The new Masque Attacks are being called Manifest Masque and Extension Masque.

Manifest Masque gives an attacker the ability to replace the built-in apps on iOS (such as Apple Pay, Apple Watch, FaceTime) as well as App Store apps. Extension Masque, which allows for attackers to gain access to the data of other app which are containerised for security.

In a recent blog, FireEye has also disclosed the details of a previously fixed, but undisclosed, masque vulnerability: Plugin Masque, which bypasses iOS entitlement enforcement and hijacks VPN traffic.

An investigation conducted by FireEye has found that around one third of iOS devices still have not updated to versions 8.1.3 or above, even 5 months after the release of 8.1.3, and these devices are still vulnerable to all the Masque Attacks. To date, FireEye has disclosed details of five kinds of Masque Attacks.

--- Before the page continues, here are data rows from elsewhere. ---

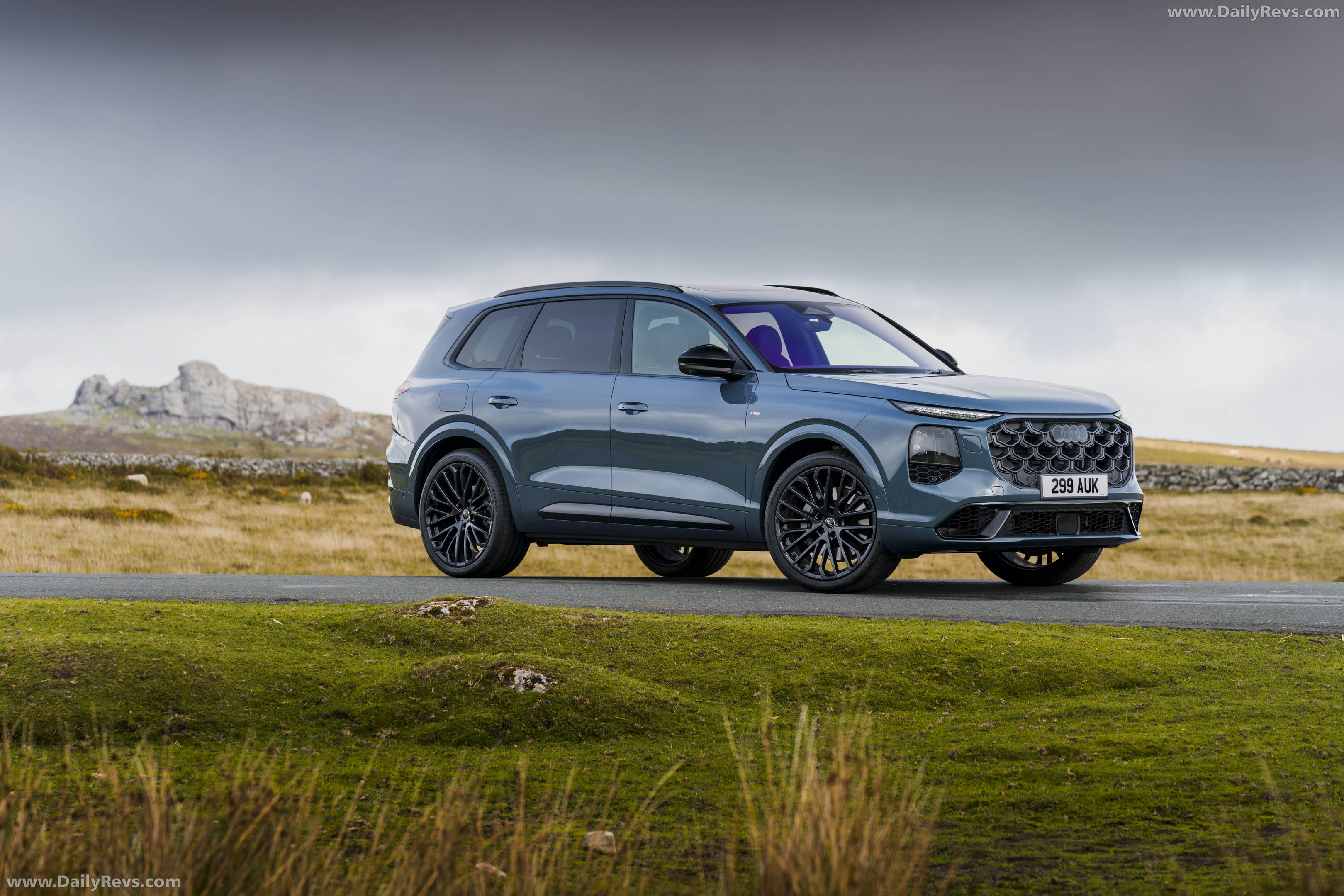 2027 Audi Q7 4M UK Version Front View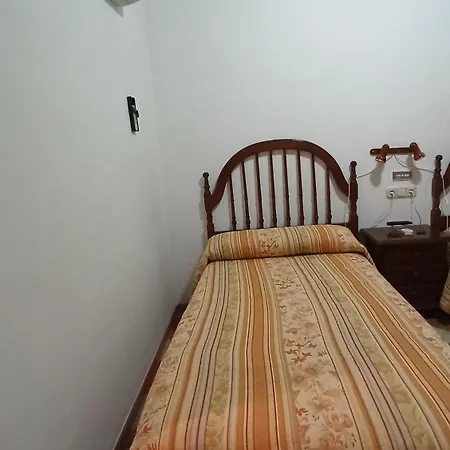 Algaidas Πανσιόν 3*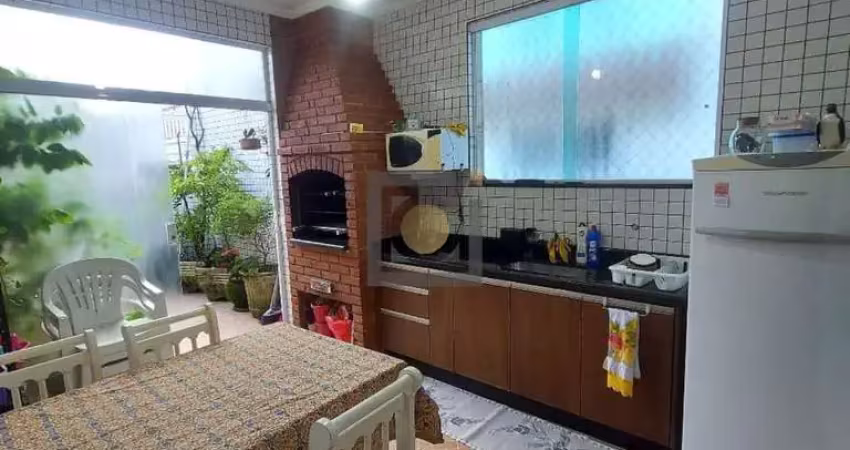 Casa à venda em Santos-SP, Embaré: 4 quartos, 3 suítes, 2 salas, 1 vaga, 228m²!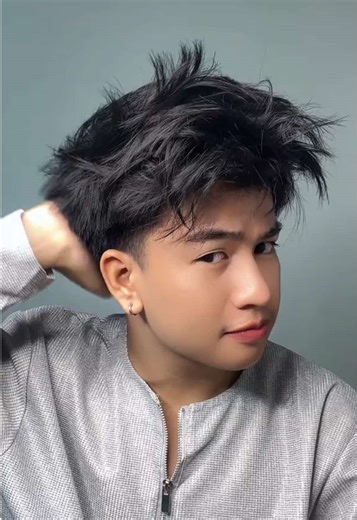 Best Hairstyling Tips with Hair Powder and Wax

FireEye’s blog stated: “Although Apple has fixed or partially fixed the original Masque Attack on iOS 8.1.3, there are still other attack surfaces to exploit vulnerabilities in the installation process on iOS.

It added: “Moreover, around one third of iOS devices that we monitored are still vulnerable to all the Masque Attacks because they have not been upgraded. We suggest that all iOS users keep their devices up-to-date.”